Ausgerechnet kurz vor dem G8-Gipfel erhielt Barack Obama einen Nackenschlag, der ihn lange schmerzen wird. Niemand in Washington erinnert sich, dass ein US-Präsident im eigenen Land von einem Gast derart abgewatscht wurde. Der israelische Premier Benjamin Netanjahu gab sich nicht mal sonderlich Mühe, sein Nein zu Obamas Nahost-Friedensplänen höflich einzukleiden. Kein anderer wagt es, Obama derart zu demontieren. Dabei wollen die Gipfelteilnehmer in Deauville zum mächtigsten Mann der Welt durchaus aufblicken - und erwarten Führung. Doch die Zeiten, da die USA immer und in jedem Fall den Weg zeigen, sind vorbei.
Schwere Zeiten für Obama
"Man hört weniger auf die USA", analysiert das Pariser Elite-Blatt "Le Monde" die neue Lage. "Ihr Einfluss scheint zurückzugehen." Und das ausgerechnet jetzt, da der Sturm des arabischen Frühlings über den Nahen Osten hinwegfegt.

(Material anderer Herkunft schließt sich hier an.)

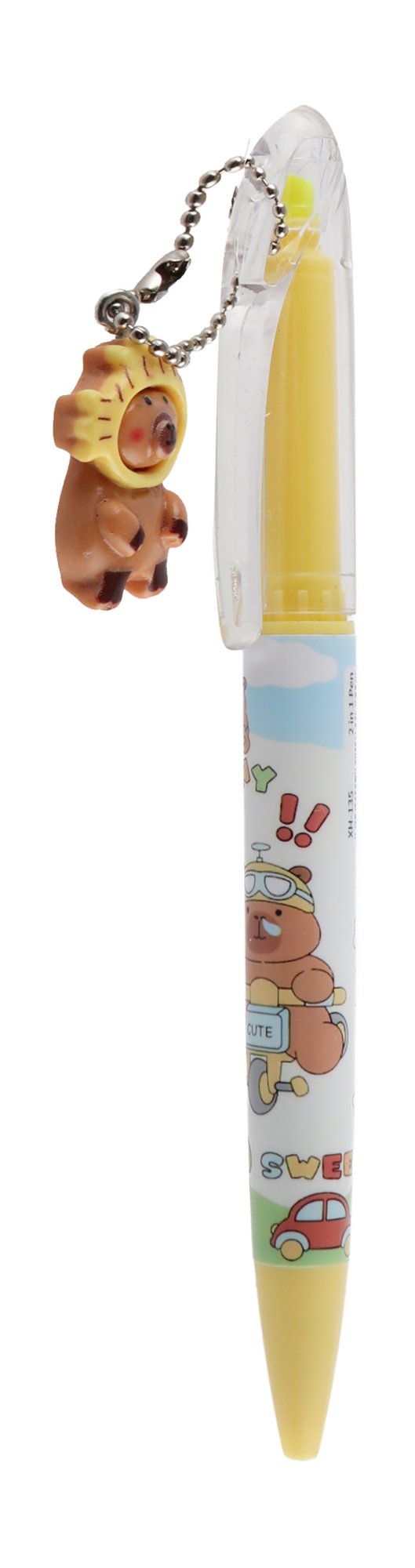 2in1 0.7mm Pink Ink Marker & Blue Ink Pen with Teddy Bear Shaped Tip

Kein Zweifel: Obama erlebt derzeit schwere Zeiten. Der arabische Frühling - ein Spitzenthema in Deauville - erweckt nicht nur rosige und unbeschwerte Gefühle. Hinzu kommt die Pleite in Sachen Nahost-Verhandlungen, die schlechte Konjunktur, die Schuldenkrise im eigenen Land - und zudem zeichnet sich der Wahlkampf am Horizont ab. Selbst der Triumph über Osama bin Laden verschafft da nur kurze Linderung.
Die Kurzformel Obamas und des Westens für die politischen Erdbeben in Nahost ist einfach: Demokratie ist auf dem Vormarsch, Diktatoren fallen, die Geschichte geht den rechten Gang. Doch zugleich gibt es Unwägbarkeiten, die Angst machen: Der andauernde, hässliche Bürgerkrieg in Libyen, in den die Nato faktisch verstrickt ist. Die brutale Unterdrückung durch Syriens Machthaber Baschar al-Assad, der den Drohungen des Westens trotzt. Eine gefährliche Gemengelage - nicht einmal die USA wissen echten Rat.

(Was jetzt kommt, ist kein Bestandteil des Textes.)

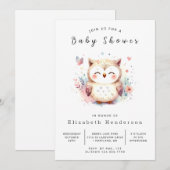 bohemian forest owl Baby shower Kaart (Voorkant / Achterkant)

Ein Stück "neue Weltordnung"
Obama und der Westen, allen voran Frankreich, haben sich in Sachen "Abenteuer Libyen" schwer verschätzt. "Gaddafi muss gehen", hatte Obama zu Beginn des Waffengangs vollmundig gesagt. Das Kalkül war, dass der Machthaber in Tripolis innerhalb kürzester Zeit untergeht. Eine Fehlkalkulation, wie sich zeigt.
Jetzt, da die Nato-Operation ins Stocken geraten ist, rufen Frankreich und Großbritannien wieder nach dem "großen Bruder" - doch der ziert sich.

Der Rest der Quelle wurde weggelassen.